In terms of adaptive immunity, TEVs carry tumor-specific antigens that are recognized by the immune system, thereby initiating an adaptive immune response. TEVs are essential for helping T and other immune cells identify and destroy tumor cells. They deliver tumor antigens to antigen-presenting cells (APCs), activating T cell responses and potentially boosting immune memory, which enhances the ability of the immune system to react to tumor antigens (28). However, TEVs can dampen the immune response by transferring immune checkpoint molecules to T cells, leading to T cell exhaustion. In the context of immunotherapy, TEVs containing immune checkpoint-associated molecules can impact the efficacy of immune checkpoint inhibitors (28). Furthermore, TEVs induce T-cell apoptosis via Fas ligand (FasL), inhibit T-cell receptor (TCR) function, and modify the gene expression patterns of Tregs and effector T cells, with TGFB1 encouraging the development of Tregs (29).

2.2
Innate immune cell-derived EVs affect tumor immunity
Immune cells secrete chemokines via EVs, attracting immune cells to the TME. This is important for coordinating local immune responses, determining the location of all immune cells in three-dimensional space, and initiating intercellular communication within the TME. EVs from immune cells exert immunomodulatory effects similar to those of their parent cells; however, their functions depend on the cell type. In particular, EVs from innate immune cells significantly affect tumor immunity by facilitating interactions with immune elements. EVs generated by innate immune cells may exert diverse effects on antitumor immune responses, facilitating immune evasion and promoting immune activation and effector functions. The next section discusses these dual roles in detail, highlighting the roles of different types of innate immune cells (Table 1).
Dendritic cells (DCs), a type of APCs, absorb antigens and convert them into peptides. These peptides are presented to T cells via major histocompatibility complex (MHC) molecules on the cell surface, leading to an adaptive response. DCs produce EVs in response to thymic stromal lymphopoietin, which contains OX40L. OX40L supports the proliferation of CD4+ T cells, increases IL-4 production, and induces the differentiation of Th2 cells (30). DC-derived EVs also enhance the production of interferon-γ by CD3+ T cells upon interaction with SK-BR-3 breast cancer cells (31). Moreover, DCs release different types of EVs with various components, such as HSP70 and HSP90. They activate CD4+ and CD8+ T cells, MHC-I, MHC-II, and CD86 (32). DC-derived EVs further stimulate the innate immune system by activating NK cells via ligands for NKG2D-L and IL-15Rα (33). In addition to stimulating T cell immune responses and DC-derived EVs, T cells are activated indirectly through the presentation of antigen–MHC complexes and by delivering intercellular adhesion molecule-1 molecules to subpar APCs, such as B cells (34). Activated class B cells produce and secrete EVs that effectively stimulate CD4 and CD8 T cells, inducing highly potent antitumor immune reactions (35). DC-derived EVs induce immune responses via the EV-induced release of inflammatory markers. When DCs express alpha-fetoprotein on EVs, this initiates a chain reaction leading to CD8+ T cell activation through a considerable increase in interferon-γ and IL-2 production, followed by a reduction in inhibitory factor levels, such as IL-10 and TGF-β levels, in T-cells, such as CD25+ Foxp3+ Tregs (36). EVs transporting TNF-α produced by DCs show robust interactions with NF-κB in B cells, thereby boosting inflammatory responses in human umbilical vein endothelial cells (37).

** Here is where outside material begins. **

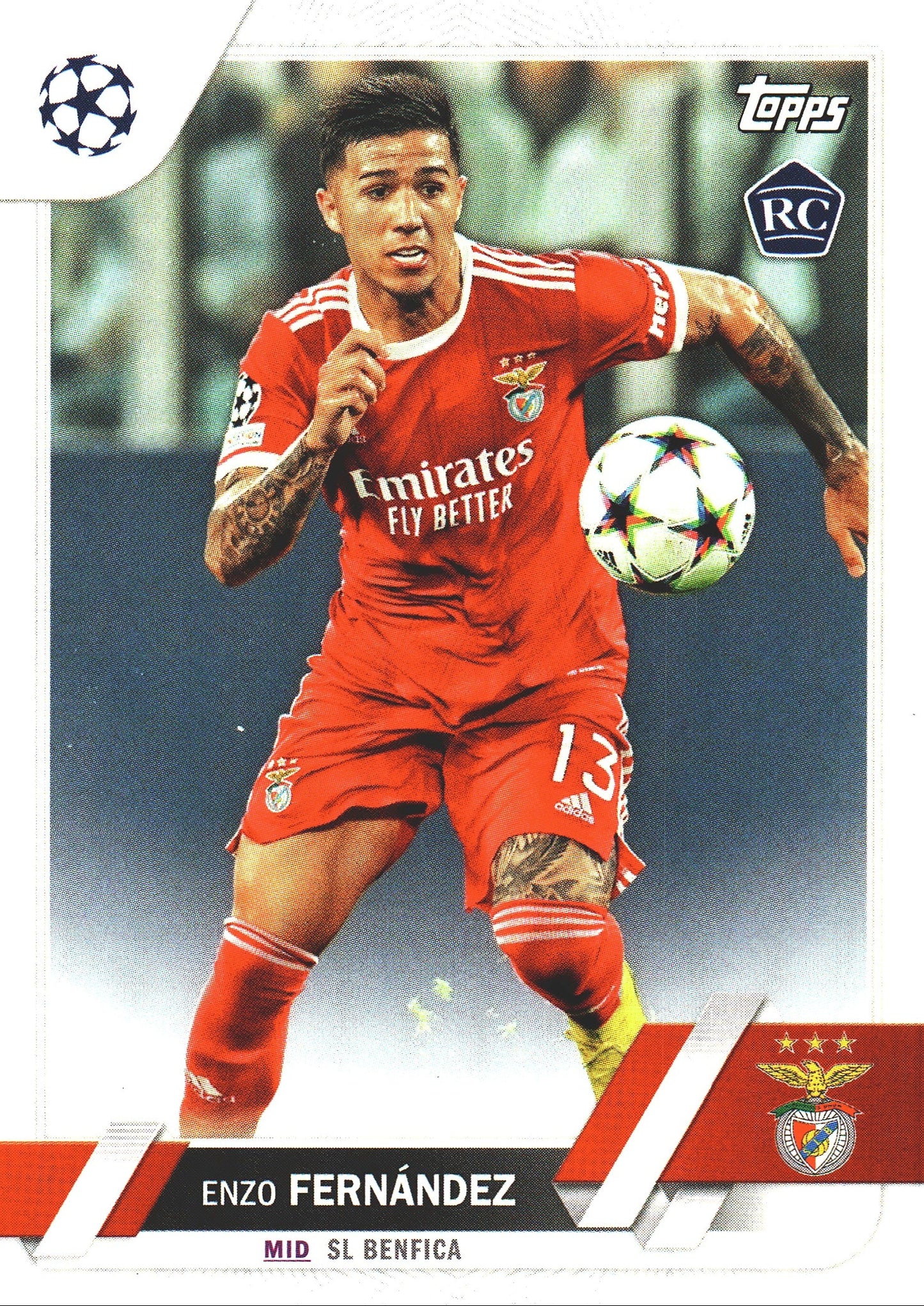 2022 Topps UCC Flagship Enzo Fernandez RC #158 Benfica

Macrophages are immune cells that develop in the bone marrow. They participate in both natural and adaptive immune responses in the body. Macrophages and EVs perform different functions owing to their different sources. For example, EVs derived from lipopolysaccharide-activated RAW264.7 macrophages provide microglial protection (38). EVs derived from Schwann cells containing MFGE8 (39) provide neuroprotective benefits by promoting microglial polarization toward the immunosuppressive M2 phenotype. Tumor-associated macrophages (TAMs), primarily M2 type macrophages and are important components of the TME. They exert no cytotoxic effects, promote tumor cell growth through growth factors, and exhibit immunosuppressive activity. Recent studies have revealed the role of TAM-released EVs in helping cancer cells evade host defenses. EVs produced by M2 macrophages contain miR-155-5p, which interferes with the mechanism by which ZC3H12B ensures that IL-6 levels are steady, thereby facilitating immune evasion and growth of colon cancer cells. Furthermore, TAM EVs express miR-21-5p andmiR-29-3p, which disrupt the Treg/Th17axis via signal transducer and activator of transcription 3 signaling and drive the progression and metastasis of epithelial ovarian cancer (40). TAM EVs are also packed with PD-L1, which blocks the development and function of CD8+ T-cells (41). Studies on the tissues of patients with melanoma have shown that TAM EVs, especially those from CD163+ TAMs, hinder the functioning of CD8+ T cells. Furthermore, TAM-secreted EVs containing long non-coding RNAs LINC01592 upregulate NBR1 gene transcription in tumor cells by directly binding to E2F6. It then acts on MHC-I proteins. After binding to NBR1 proteins, ubiquitin and MHC-I proteins are degraded and form autophagic lysosomes, which reduce MHC-I surface expression on tumor cells. Targeting the E2F6/NBR1/MHC-I pathway with small interfering RNA or specific antibodies significantly reduces the tumor-promoting effects of LINC01592 and M2-TAM-driven tumor growth (42). EVs originating from M2 macrophages in bone tissue can prevent the growth and cell-killing activity of CD8+ cells by controlling miR-21/PEG3 expression, thereby allowing immune evasion in glioma (43).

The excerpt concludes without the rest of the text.